In a real sense, the Vere Johns Opportunity Hour acted like an audition for some record producers of the day, who, in their capacity as talent scouts, attended the shows in search of performers to offer recording contracts. Many successful Jamaican artistes were drawn into recording studios via this route, and this, in a nutshell, underscores the importance of Vere Johns in Jamaica’s music history.
Lloyd Bradley, in his book, This is Reggae Music, describes John as “the most influential man in Jamaican music in the second half of the 1950s”. In helping to further launch their careers, Johns would expose the winners on his radio show ‘Opportunity Knocks’, on Radio Jamaica.

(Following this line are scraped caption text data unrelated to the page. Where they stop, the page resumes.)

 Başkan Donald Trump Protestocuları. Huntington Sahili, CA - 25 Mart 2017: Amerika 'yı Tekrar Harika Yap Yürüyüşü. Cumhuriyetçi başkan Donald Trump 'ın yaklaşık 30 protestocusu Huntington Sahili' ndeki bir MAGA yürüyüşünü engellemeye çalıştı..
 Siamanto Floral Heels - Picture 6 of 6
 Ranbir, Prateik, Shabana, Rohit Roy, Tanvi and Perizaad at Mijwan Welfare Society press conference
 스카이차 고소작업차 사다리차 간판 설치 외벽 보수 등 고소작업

Vere Everette Johns was, in fact, born in Mandeville, in November of 1893 and attended the Mandeville School before coming to Kingston where he lived with the great sportsman G.C. Foster. He acquired a job in the postal service but, by 1915, was off to World War I, fighting in Egypt, Italy and France for four years.
Johns returned to Kingston as a decorated soldier. An elocutionist and journalist, Johns was back in his postal service job for approximately a decade before leaving for the United States in 1929 in search of better job opportunities. Writing for several leading newspapers in the US, he vehemently spoke against injustices meted out to blacks. His writings were met with strong opposition by the Ku Klux Klan and precipitated his return to Jamaica in 1939.
IDEA FOR TALENT SHOW
According to Colby Graham, who did extensive research on Johns, the idea for a Vere Johns talent show was born out of a request by the boss of the Savannah Journal newspaper with whom Johns worked, to devise a strategy to boost attendance at cinemas. With the help of his wife, Lillian, they came up with the idea for the show which began in Savannah, Georgia, in 1937, before the couple moved the event to Jamaica in 1939.

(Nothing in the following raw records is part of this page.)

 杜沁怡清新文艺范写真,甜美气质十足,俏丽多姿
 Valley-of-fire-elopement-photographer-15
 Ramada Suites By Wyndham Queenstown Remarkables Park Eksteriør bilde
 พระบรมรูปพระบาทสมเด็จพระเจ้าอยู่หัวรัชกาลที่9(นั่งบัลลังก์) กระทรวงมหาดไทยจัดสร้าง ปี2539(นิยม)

In the late 1940s, he began a long-running STAR newspaper column ‘Vere Johns Says’, mainly on the topic of music.
But half the story has never been told as, in the 1950s, Johns added another dimension to his already illustrious career where he was a talent scout, impresario, journalist, radio personality, elocutionist and war veteran, by venturing into the world of movies.
He played roles in the 1955 adventure thriller Man Fish, which also featured Eric Coverly, and returned a year later in the 26-minute documentary, It Can Happen To You, in which he played the role of a father of two sons who had syphilis.
Vere Johns’ contribution remains unmatched in the history of Jamaica’s entertainment business, yet very little recognition has been given to his works. There could never be a better time, than in this 50th anniversary of the country’s Independence, to honour this man. In my book, he is a candidate for National Hero.